Minoguchi K, Kobayashi H, Sunouchi K, Hoshino H, Konno S, Okazawa A, Kokubu F, Mita S, Adachi M, Takahashi T
Department of First Internal Medicine, Showa University School of Medicine.
Arerugi. 1991 Feb;40(2):164-7.
We have previously demonstrated that airway responsiveness was enhanced following a late bronchial response (LBR) after an allergen challenge in ovalbumin (OA)-sensitized guinea pigs. The purpose of the present studies was to evaluate whether airway responsiveness to methacholine increased after an immediate bronchial response (IBR) and the possible involvement of the beta-adrenoceptor dysfunction in OA-sensitized guinea pigs. Guinea pigs were actively sensitized by aerosolized OA. Following OA exposure, IBR appeared. After IBR when specific airway resistance returned to the base line value, airway responsiveness to methacholine increased significantly. Before OA exposure, propranolol induced bronchoconstriction (PIB) was not provoked, however, after IBR, PIB was provoked and the guinea pigs died because of severe bronchoconstriction. These results suggest that airway responsiveness to methacholine increases significantly after IBR. Furthermore, the dysfunction of the beta-adrenoceptor may be a mechanism of this hyperresponsiveness in OA-sensitized guinea pigs.

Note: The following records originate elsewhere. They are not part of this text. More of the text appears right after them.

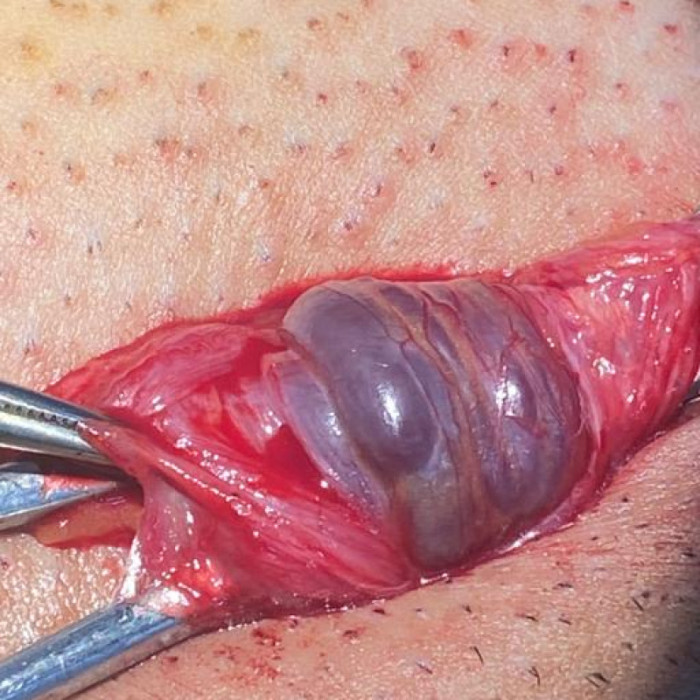 دوالي الخصية الميكروسكوبية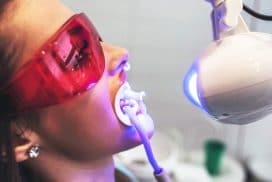 Mách bạn cách tẩy trắng răng được nhiều nghệ sĩ Việt yêu thích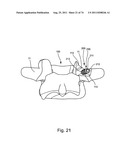 Spinal Facet Implant with Spherical Implant Apposition Surface and Bone     Bed and Methods of Use diagram and image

我们之前已经证明,在卵清蛋白(OA)致敏的豚鼠中,变应原激发后出现迟发性支气管反应(LBR),气道反应性会增强。本研究的目的是评估在即刻支气管反应(IBR)后,OA致敏豚鼠对乙酰甲胆碱的气道反应性是否增加,以及β-肾上腺素能受体功能障碍是否可能参与其中。豚鼠通过雾化OA进行主动致敏。暴露于OA后,出现IBR。IBR后,当特异性气道阻力恢复到基线值时,对乙酰甲胆碱的气道反应性显著增加。在暴露于OA之前,普萘洛尔诱发的支气管收缩(PIB)未被激发,然而,IBR后,PIB被激发,豚鼠因严重支气管收缩而死亡。这些结果表明,IBR后对乙酰甲胆碱的气道反应性显著增加。此外,β-肾上腺素能受体功能障碍可能是OA致敏豚鼠这种高反应性的一种机制。